If I'm given an equation eg. 3x^2-2xy=3z+1 (just a random eg.)

Is it a correct assumption to think of the x,y and z in the equation as corresponding

to x,y and z as I'd think of them on the cartesian plane...They're not just dummy variables

but in this case actually represent something ...like they arent going to switch them around

on me and use y in place of z and x in place of y...
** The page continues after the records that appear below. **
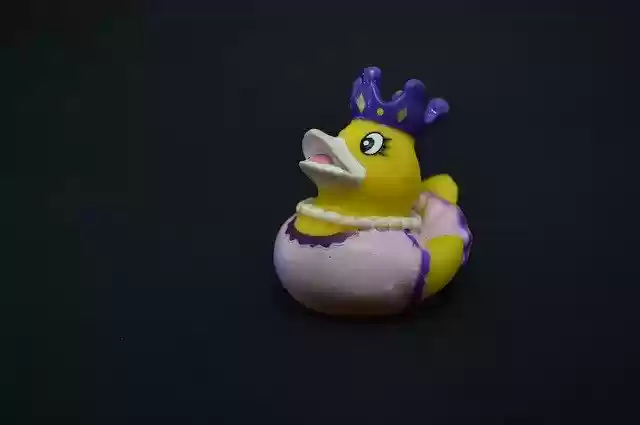 Free download Toy Duck Toys -  free photo or picture to be edited with GIMP online image editor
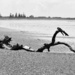 One of many tree branches on the beach following Lola, I think it looks a little like a praying mantis  by Dawn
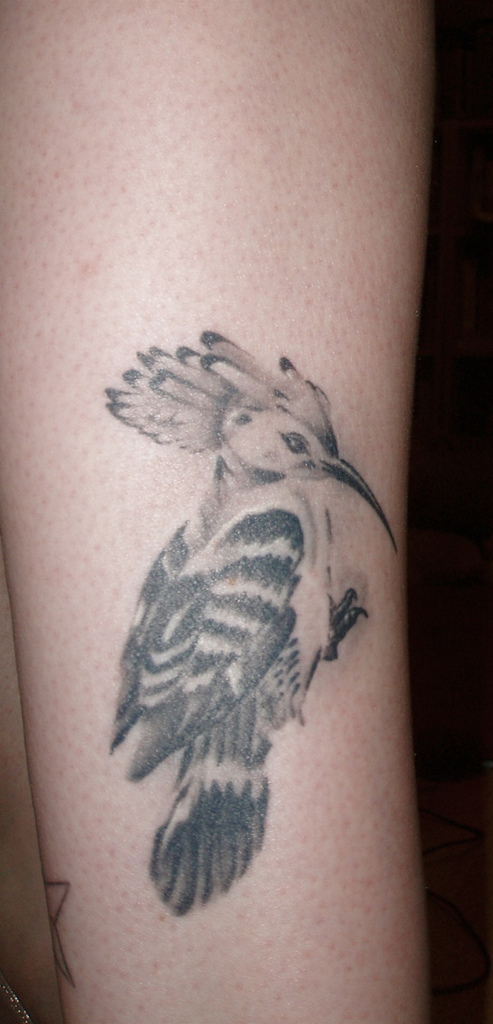 bird tattoo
because x=sqrt(y) (right side of parabola) isnt the same as y=sqrt(x) ....so is this

assumption that x and y and z are used on purpose --and arent just 'dummy variables'

2. Aug 12, 2008

### HallsofIvy

I'm not sure I understand your question. In a specific application you are either told what "x, y, z" mean or you assign them yourself (and it would be a good idea to say what "x, y, z" mean at the beginning). If, in a problem, one person derives y= x2 and another x= y2, they really have the same thing- one graph has just swapped the x,y coordinates of the other. No, they are not just "dummy variables"- but swapping them around would just give the same graph in a different coordinate system.

If, for example, I have a problem that says "A farmer has 400 yards of fencing. He wants to fence a rectangular pasture in which he can use a river bank as one side (and so needs no fencing). What are the dimensions that will give the largest area?"

It is my choice whether I use x to mean the length of the side along the river bankand y the side perpendicular to it or vice-versa. If I do choose x to be the length of the side along the river bank, my equations become, "length of fencing used: x+ 2y= 400, area= xy" and I get x= 200 yards, y= 100 yards. If I choose it the other way around, y is the length of the side along the river bank, the equations become y+ 2x= 400, area= xy and I get y= 200 yards, x= 100 yards, but those are exactly the same answer.